**Exercise objective**
Everything in the listing below from the line containing "7 Fakta Menarik" through the line containing "Burberry Classic Style" must be repeated exactly; the remaining lines are not wanted.
(Beginning of Extracted information)
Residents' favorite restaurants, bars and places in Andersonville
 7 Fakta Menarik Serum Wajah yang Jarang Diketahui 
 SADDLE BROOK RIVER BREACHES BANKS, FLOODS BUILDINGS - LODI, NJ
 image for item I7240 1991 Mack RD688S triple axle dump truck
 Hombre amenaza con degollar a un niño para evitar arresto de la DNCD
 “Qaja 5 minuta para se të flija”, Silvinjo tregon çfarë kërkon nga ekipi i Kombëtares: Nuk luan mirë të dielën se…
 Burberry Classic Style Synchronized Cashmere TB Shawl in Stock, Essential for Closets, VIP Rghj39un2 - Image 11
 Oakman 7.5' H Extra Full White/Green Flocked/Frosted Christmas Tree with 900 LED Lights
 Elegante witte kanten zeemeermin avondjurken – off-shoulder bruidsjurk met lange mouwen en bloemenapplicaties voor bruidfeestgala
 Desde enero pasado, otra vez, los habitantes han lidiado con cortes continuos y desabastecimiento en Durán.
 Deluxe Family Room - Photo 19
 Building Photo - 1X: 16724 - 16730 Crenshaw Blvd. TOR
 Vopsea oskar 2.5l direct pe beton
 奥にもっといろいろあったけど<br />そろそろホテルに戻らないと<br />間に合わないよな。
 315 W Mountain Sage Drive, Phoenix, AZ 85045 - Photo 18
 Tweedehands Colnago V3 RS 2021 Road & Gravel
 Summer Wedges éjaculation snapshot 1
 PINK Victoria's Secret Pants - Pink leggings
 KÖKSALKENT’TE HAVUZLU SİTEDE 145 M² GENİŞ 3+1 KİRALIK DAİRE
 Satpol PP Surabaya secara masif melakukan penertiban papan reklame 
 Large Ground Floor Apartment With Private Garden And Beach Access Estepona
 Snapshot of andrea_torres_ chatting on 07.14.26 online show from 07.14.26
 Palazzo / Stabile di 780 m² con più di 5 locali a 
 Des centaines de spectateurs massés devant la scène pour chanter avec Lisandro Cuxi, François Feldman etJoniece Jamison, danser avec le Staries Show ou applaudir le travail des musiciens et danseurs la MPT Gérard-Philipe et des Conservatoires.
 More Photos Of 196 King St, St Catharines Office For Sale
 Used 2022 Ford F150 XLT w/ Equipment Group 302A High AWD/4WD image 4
(End of Extracted information)
**Response area**
 7 Fakta Menarik Serum Wajah yang Jarang Diketahui 
 SADDLE BROOK RIVER BREACHES BANKS, FLOODS BUILDINGS - LODI, NJ
 image for item I7240 1991 Mack RD688S triple axle dump truck
 Hombre amenaza con degollar a un niño para evitar arresto de la DNCD
 “Qaja 5 minuta para se të flija”, Silvinjo tregon çfarë kërkon nga ekipi i Kombëtares: Nuk luan mirë të dielën se…
 Burberry Classic Style Synchronized Cashmere TB Shawl in Stock, Essential for Closets, VIP Rghj39un2 - Image 11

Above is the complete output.